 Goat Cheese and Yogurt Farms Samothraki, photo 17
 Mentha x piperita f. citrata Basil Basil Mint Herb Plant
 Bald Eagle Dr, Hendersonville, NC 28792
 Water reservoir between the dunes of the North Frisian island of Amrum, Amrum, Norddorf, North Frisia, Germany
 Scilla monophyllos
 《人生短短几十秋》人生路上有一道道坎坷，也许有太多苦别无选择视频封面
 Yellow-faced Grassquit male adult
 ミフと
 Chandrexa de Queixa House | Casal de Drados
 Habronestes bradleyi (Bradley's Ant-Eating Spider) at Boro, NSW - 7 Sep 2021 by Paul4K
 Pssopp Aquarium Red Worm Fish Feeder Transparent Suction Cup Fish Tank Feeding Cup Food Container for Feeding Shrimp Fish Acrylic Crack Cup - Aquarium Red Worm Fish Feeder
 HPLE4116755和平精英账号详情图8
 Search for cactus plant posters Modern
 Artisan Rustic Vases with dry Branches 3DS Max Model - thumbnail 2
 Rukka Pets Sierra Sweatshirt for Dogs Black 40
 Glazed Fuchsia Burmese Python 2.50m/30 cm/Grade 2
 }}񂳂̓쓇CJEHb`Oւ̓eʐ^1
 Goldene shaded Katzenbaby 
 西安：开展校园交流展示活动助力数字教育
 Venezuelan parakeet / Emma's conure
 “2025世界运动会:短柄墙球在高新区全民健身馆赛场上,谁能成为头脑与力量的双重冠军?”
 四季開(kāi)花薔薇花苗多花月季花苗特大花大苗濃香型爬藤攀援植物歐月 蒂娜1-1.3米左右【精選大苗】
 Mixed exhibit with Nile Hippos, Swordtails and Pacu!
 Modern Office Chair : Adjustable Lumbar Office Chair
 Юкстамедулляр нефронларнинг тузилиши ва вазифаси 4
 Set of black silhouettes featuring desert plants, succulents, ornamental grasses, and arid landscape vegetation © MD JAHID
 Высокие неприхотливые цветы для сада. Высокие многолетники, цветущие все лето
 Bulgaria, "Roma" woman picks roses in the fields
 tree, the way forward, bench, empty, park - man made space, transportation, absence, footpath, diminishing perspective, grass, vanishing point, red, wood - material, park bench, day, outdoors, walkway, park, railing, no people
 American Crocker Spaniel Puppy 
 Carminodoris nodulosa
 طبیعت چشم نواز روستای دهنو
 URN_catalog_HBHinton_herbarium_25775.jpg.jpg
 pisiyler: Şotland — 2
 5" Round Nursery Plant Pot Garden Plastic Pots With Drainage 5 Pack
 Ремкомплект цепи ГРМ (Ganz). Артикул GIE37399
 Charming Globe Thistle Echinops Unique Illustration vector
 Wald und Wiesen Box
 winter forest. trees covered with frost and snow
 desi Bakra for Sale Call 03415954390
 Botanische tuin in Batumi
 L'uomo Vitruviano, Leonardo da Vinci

☆ ☆ ☆ ☆ ☆ ☆ ☆

## ABOUT THIS TASK:
The expected output is exactly the lines of the listing above between the line holding "Высокие неприхотливые цветы" and the line holding "Botanische tuin in Batumi", inclusive.

## PROBLEM SOLUTION:
 Высокие неприхотливые цветы для сада. Высокие многолетники, цветущие все лето
 Bulgaria, "Roma" woman picks roses in the fields
 tree, the way forward, bench, empty, park - man made space, transportation, absence, footpath, diminishing perspective, grass, vanishing point, red, wood - material, park bench, day, outdoors, walkway, park, railing, no people
 American Crocker Spaniel Puppy 
 Carminodoris nodulosa
 طبیعت چشم نواز روستای دهنو
 URN_catalog_HBHinton_herbarium_25775.jpg.jpg
 pisiyler: Şotland — 2
 5" Round Nursery Plant Pot Garden Plastic Pots With Drainage 5 Pack
 Ремкомплект цепи ГРМ (Ganz). Артикул GIE37399
 Charming Globe Thistle Echinops Unique Illustration vector
 Wald und Wiesen Box
 winter forest. trees covered with frost and snow
 desi Bakra for Sale Call 03415954390
 Botanische tuin in Batumi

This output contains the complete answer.